■ PROVIDED ENTRIES
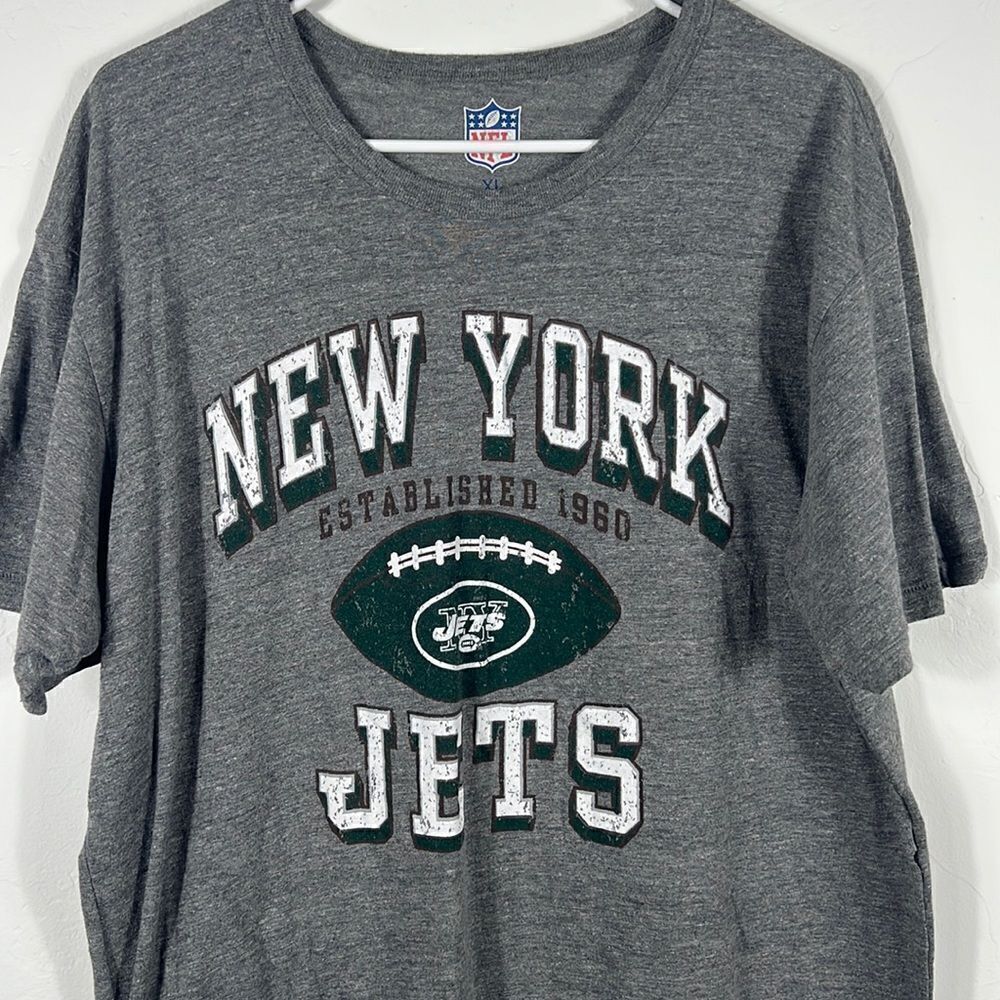 🔥🏈 NEW YORK JETS NFL Football Graphic Tee - Men Sz XL - Good Used Condition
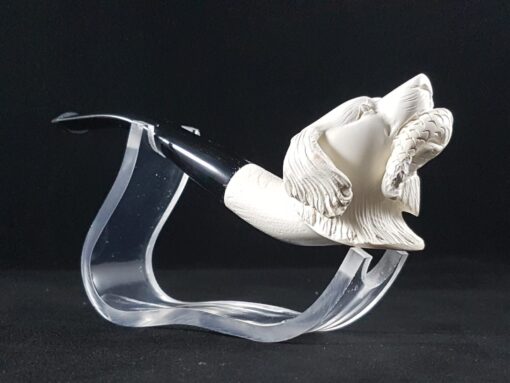 Hunting Dog With Bird Pipe, Hand-Carved, Hand-Carved Pipe, The Best Quality Meerschaum, Unsmoked Meerschaum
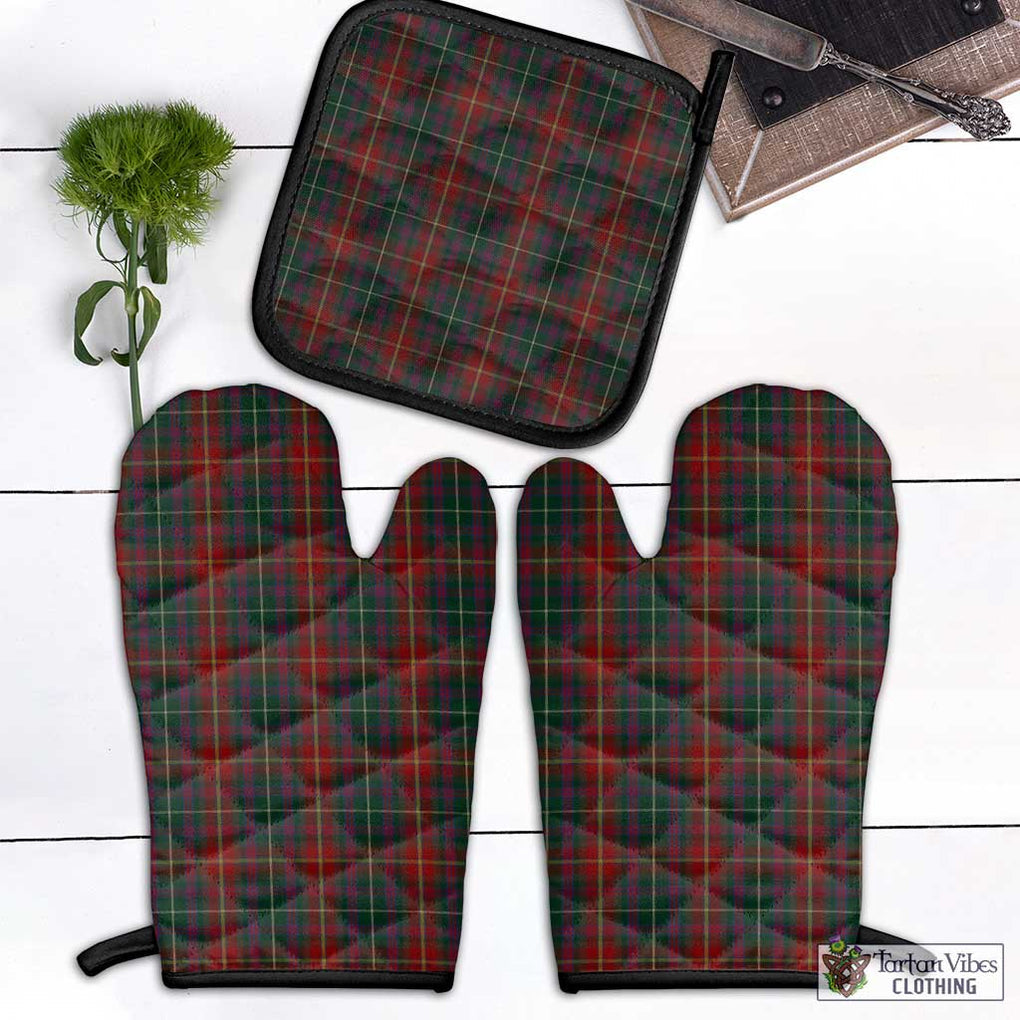 Meath County Ireland Tartan Combo Oven Mitt & Pot-Holder Combo 1 Oven Mitt & 1 Pot-Holder Black - Tartan Vibes Clothing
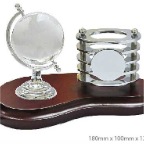 Wooden-Penholder-w-Crystal-Globe-K1306-315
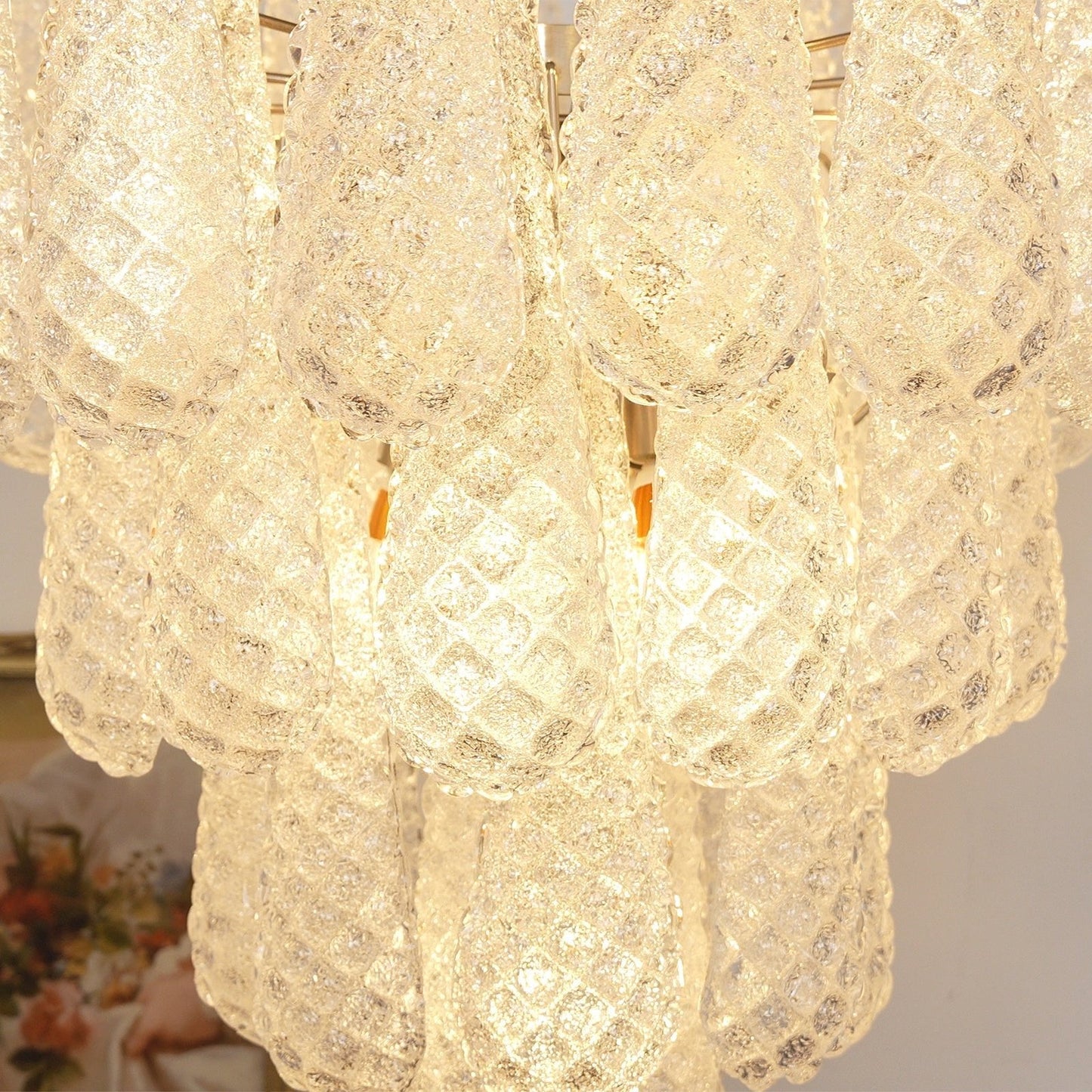 Elegant Glass Dewdrop Chandelier - Stunning Light Diffusion & Modern D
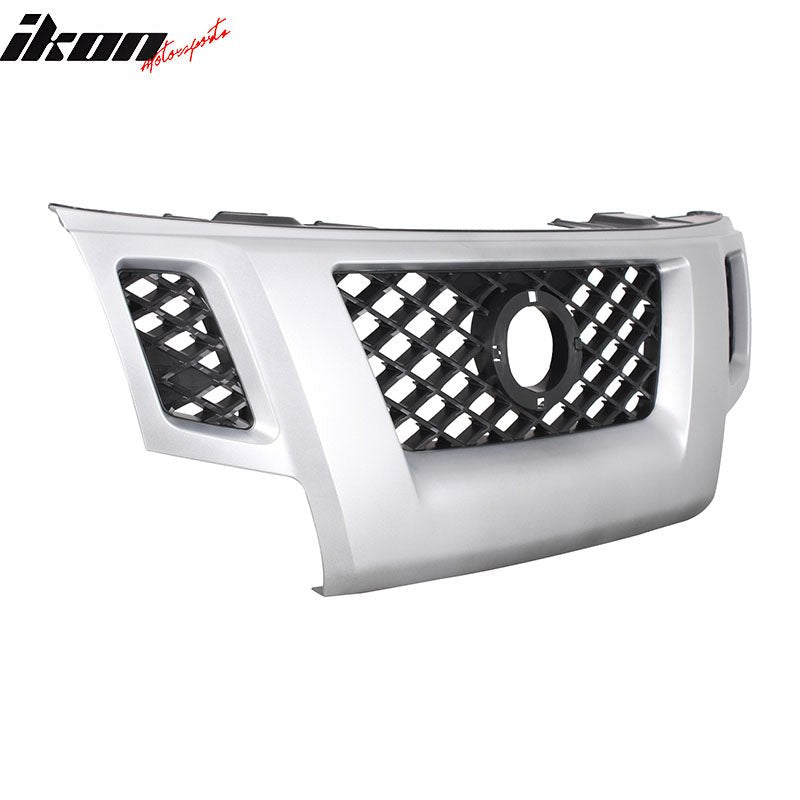 Fits 09-13 Nissan Xterra OE Style Front Bumper Upper Grille Mesh Grill Cover PP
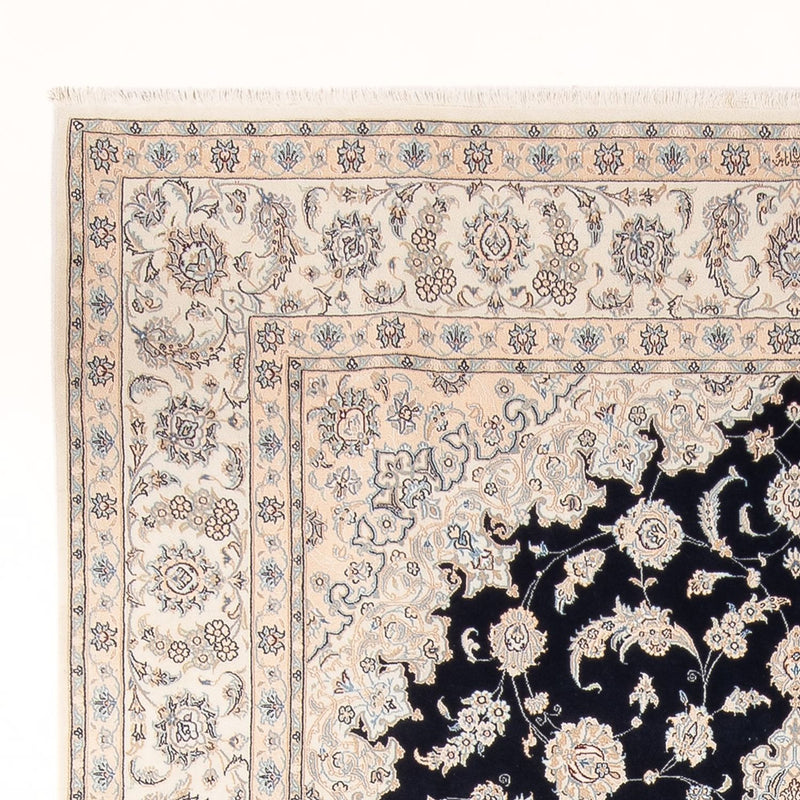 Tapis persan - Nain - Premium - 351 x 247 cm - bleu foncé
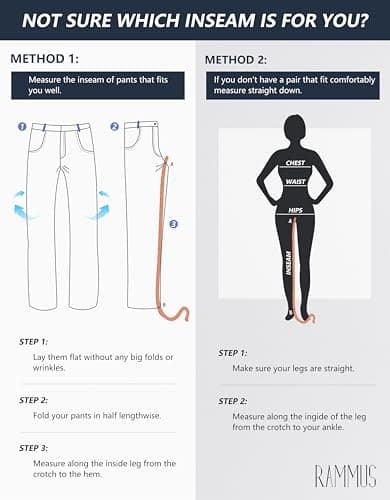 Pantalones de Trabajo Elásticos Rammus para Mujer, Negros, 5 Bolsillos, Talla 27 M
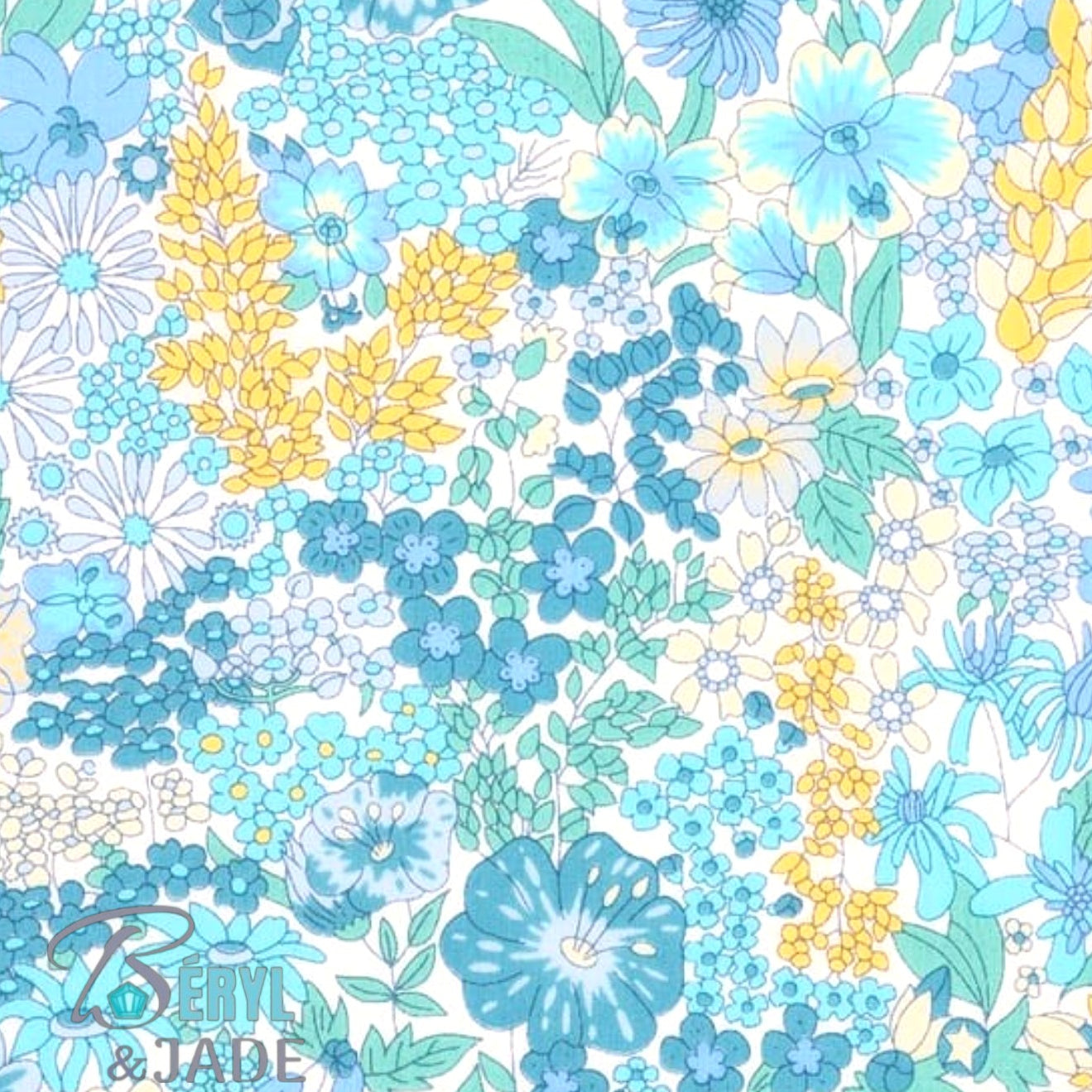 Boucles d'oreille tissu Liberty et acier - Forme triangulaire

■ YOUR GOAL
Only the lines from the one with "Pantalones de Trabajo" to the last line of the listing, inclusive, are to be set down, exactly as they stand and without pictures.

■ RESULT
 Pantalones de Trabajo Elásticos Rammus para Mujer, Negros, 5 Bolsillos, Talla 27 M
 Boucles d'oreille tissu Liberty et acier - Forme triangulaire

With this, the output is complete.